Wildflower Honey Cb I Hate Perfume
At a glance
Is Wildflower Honey Cb I Hate Perfume worth trying?
Wildflower Honey by CB I Hate Perfume is a Floral fragrance for women and men.
- Best match
- Casual wear in Spring, Summer
- Performance feel
- Good longevity with Moderate sillage
- Signature profile
- honey, floral, sweet with Honey, Floral Notes, Tobacco
The first impression
Wildflower Honey by CB I Hate Perfume is a Floral fragrance for women and men. Wildflower Honey was launched in 2009. The nose behind this fragrance is Christopher Brosius.
What shapes the scent
The perfumer behind it
Christopher Brosius
Christopher Brosius is an American perfumer and founder of CB I Hate Perfume, known for his unconventional, narrative-driven scents. His portfolio includes fragrances like 2nd Cumming, At the Beach 1966, and Beautiful Launderette, which evoke specific memories and atmospheres. He also created Cumming for actor Alan Cumming, blending personal storytelling with olfactory art.
Notes pyramid
The mood it creates
The Alchemist Archetype: Portrait of Wildflower Honey Cb I Hate Perfume
Essence
The Alchemist transforms the mundane into the magical, finding gold in sunlight and pollen. Wildflower Honey embodies this alchemy with its paradoxical blend of honey, tobacco, and soil-a scent that's both golden and shadowed. They see connections where others see contrasts, turning field weeds into elixirs.
Style & Aesthetic
Their clothes are layered like a beekeeper's veil-linen shirts over thermal layers, fingerless gloves for notebook scribbling. They favor pockets full of curiosities: beeswax lumps, rusted keys, vials of homemade tinctures. Colors echo the hive: amber, cream, the deep brown of aged mead.
Philosophy & Values
They believe in the intelligence of fermentation, the wisdom of decay.
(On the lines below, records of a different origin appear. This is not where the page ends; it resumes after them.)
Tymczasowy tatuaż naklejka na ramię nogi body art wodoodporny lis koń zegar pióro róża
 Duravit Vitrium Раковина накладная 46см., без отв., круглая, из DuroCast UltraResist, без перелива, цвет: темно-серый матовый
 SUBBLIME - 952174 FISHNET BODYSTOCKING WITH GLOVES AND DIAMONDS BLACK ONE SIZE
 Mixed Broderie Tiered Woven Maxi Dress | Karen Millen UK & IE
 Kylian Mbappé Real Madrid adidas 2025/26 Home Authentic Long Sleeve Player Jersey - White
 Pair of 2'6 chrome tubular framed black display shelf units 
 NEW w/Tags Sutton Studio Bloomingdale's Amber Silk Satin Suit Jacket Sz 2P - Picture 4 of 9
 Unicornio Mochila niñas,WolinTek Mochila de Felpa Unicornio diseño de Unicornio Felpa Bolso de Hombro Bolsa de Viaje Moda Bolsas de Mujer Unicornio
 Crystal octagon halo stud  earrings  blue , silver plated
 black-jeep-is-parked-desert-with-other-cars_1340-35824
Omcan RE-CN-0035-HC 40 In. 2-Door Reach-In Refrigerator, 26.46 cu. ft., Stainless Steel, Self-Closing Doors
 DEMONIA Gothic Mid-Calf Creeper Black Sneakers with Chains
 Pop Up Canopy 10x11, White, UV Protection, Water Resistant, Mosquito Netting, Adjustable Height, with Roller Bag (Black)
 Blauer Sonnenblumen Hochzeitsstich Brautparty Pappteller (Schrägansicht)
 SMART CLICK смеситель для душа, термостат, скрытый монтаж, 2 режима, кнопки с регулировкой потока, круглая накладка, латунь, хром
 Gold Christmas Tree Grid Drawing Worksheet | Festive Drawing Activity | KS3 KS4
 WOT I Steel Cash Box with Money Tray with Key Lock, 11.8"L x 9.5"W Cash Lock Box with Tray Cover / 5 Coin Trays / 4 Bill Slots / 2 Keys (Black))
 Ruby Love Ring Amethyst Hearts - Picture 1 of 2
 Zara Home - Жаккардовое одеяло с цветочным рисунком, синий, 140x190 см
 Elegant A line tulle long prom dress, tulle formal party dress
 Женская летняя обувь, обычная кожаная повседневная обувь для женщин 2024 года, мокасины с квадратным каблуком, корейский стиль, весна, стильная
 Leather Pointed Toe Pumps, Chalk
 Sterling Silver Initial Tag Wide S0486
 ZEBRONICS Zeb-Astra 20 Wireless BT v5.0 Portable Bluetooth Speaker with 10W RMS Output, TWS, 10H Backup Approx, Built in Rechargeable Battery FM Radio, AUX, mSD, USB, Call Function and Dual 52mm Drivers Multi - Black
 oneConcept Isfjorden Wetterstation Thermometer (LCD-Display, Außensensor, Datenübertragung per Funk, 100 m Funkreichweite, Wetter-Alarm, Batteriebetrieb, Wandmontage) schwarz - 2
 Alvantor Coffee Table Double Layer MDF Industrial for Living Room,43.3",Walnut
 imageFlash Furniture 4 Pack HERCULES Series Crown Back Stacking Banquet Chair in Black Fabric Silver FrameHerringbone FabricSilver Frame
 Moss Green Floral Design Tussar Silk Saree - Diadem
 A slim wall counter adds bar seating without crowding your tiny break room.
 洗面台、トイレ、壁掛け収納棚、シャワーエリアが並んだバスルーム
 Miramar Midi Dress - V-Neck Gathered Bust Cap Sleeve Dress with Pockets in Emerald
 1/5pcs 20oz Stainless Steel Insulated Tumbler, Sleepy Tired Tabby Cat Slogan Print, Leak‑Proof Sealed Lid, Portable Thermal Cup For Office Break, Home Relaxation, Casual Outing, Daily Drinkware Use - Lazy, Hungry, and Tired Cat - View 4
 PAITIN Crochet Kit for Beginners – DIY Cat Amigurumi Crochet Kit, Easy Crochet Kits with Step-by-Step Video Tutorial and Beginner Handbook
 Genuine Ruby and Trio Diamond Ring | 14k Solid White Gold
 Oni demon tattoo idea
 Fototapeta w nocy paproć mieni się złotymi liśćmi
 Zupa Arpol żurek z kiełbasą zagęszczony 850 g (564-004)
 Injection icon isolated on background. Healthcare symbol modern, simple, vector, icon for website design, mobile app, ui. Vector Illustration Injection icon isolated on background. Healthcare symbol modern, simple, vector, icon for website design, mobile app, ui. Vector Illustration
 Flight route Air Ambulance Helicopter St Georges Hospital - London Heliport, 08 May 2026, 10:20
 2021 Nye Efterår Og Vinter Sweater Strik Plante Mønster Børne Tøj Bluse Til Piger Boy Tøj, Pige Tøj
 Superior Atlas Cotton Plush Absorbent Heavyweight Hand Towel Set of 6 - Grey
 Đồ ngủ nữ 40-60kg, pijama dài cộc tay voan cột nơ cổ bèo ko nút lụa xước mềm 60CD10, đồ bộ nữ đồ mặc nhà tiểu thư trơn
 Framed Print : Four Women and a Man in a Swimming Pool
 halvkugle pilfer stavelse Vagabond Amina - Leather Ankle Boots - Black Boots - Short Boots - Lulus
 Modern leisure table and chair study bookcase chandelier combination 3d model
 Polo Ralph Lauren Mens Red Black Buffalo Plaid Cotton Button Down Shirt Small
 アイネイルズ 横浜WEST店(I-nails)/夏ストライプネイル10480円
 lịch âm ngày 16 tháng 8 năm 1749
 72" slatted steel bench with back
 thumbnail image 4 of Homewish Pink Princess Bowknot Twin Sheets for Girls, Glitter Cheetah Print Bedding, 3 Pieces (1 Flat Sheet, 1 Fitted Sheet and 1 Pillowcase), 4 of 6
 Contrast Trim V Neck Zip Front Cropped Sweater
Sweetness must be tempered by earthiness to mean anything. Their spirituality is practical magic-stirring honey into tea isn't just sweetening, it's blending summer's essence with winter's need.
Relationships
They attract fellow seekers who appreciate their unconventional wisdom. Romantic partners receive hand-labeled jars of mysterious preserves. Their friendships are built on trading knowledge-how to spot edible mushrooms, which moon phase best for harvesting herbs.
Lifestyle
Their shelves bow under apothecary jars and leather-bound notebooks. Mornings involve tasting the air like wine, assessing humidity's effect on the day's alchemical work. Home smells of beeswax candles and the iron tang of tinctures steeping in dark corners.
Shadow
Their love of transformation can become escapism, forever distilling reality into something more palatable. Sometimes they forget that not all raw materials need improving-some truths are best left unstrained.
Conclusion
Wildflower Honey is the scent of sunlight transmuted through a million wingbeats, proof that magic works through patient accumulation. It reminds us that even the sweetest things must root themselves in dirt.